Он был рыбой — целые косяки красноперых, усатых, зубастых и не очень речных рыб путались в сетях, хватали наживку, слабо трепыхающуюся на толстых рыболовных крючках… Выпрыгивали из воды, сверкая чешуей и плавниками… Задыхались в глиняных садках. Били плавниками по шипящему на сковородке жиру. Хрустели поджаристой корочкой на зубах…

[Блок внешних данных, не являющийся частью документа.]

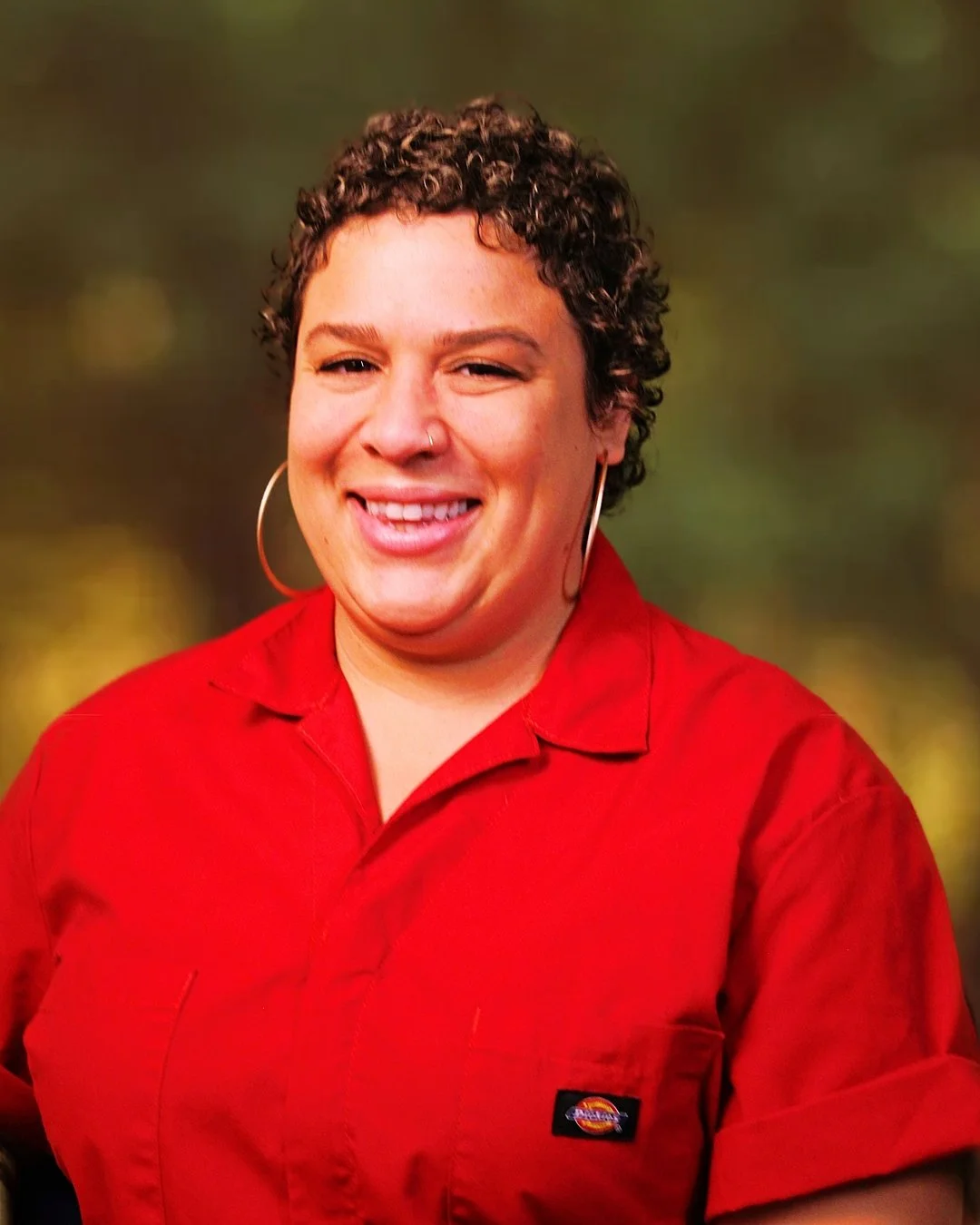 A person with brown skin and short curly hair, wearing hoop earrings and a red button-up shirt, smiling with a blurred outdoor background.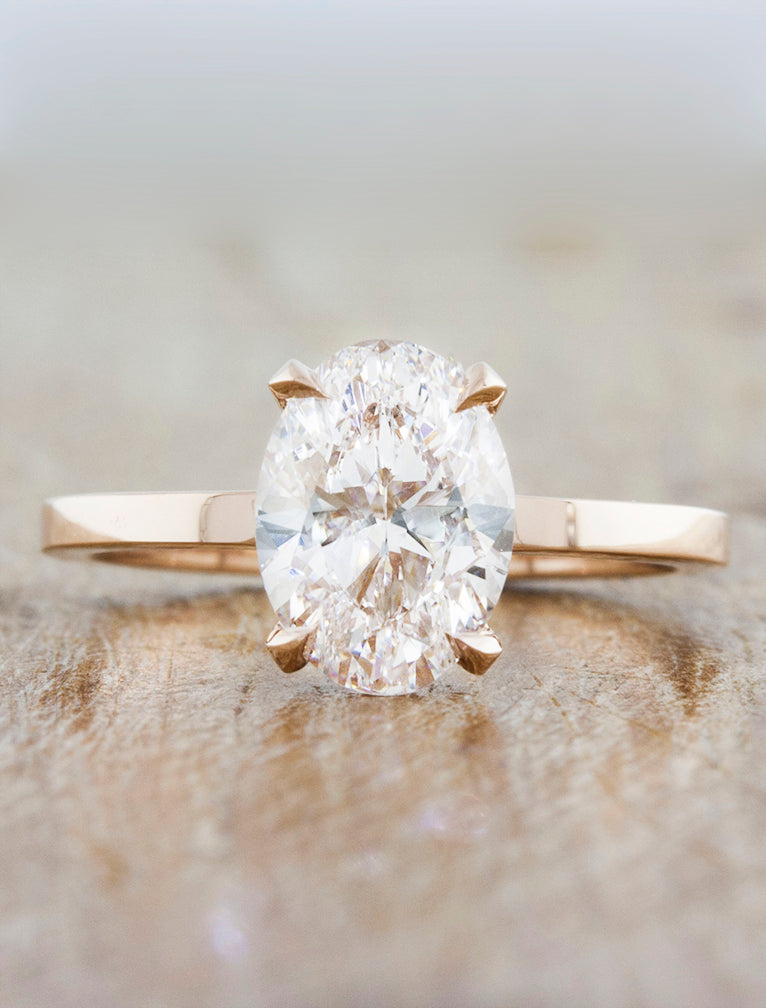 caption:Shown with 1.5ct oval diamond in 14k rose gold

А вурди-лес тем временем чутко прислушивался к шагам, твердым, уверенным: кто-то шел через этот лес, и лес-вурди притаился, притих, боясь напугать неведомого гостя, стих ветер, шевельнув рукой-ветвью, вурди вспугнул стайку птиц, они с тревожным треньканьем взметнулись в небо, где их уже догоняли выпущенные умелой рукой охотника вурди-стрелы… Птицы падали на землю жалкими комочками мяса и перьев, чья-то уверенная рука подбирала их и складывала в заплечный мешок. «Тоже мне охота», — бормотали губы пришельца… Что ж, лес знал, что ему следует делать, — он старательно шелестел листвой, здесь, здесь, подсказывал он своему гостю, указывая ему свежий след молодого оленя, клок ведмежьей шерсти на кусте гуртника, рыжий промельк послушной лесу вурди-лисы…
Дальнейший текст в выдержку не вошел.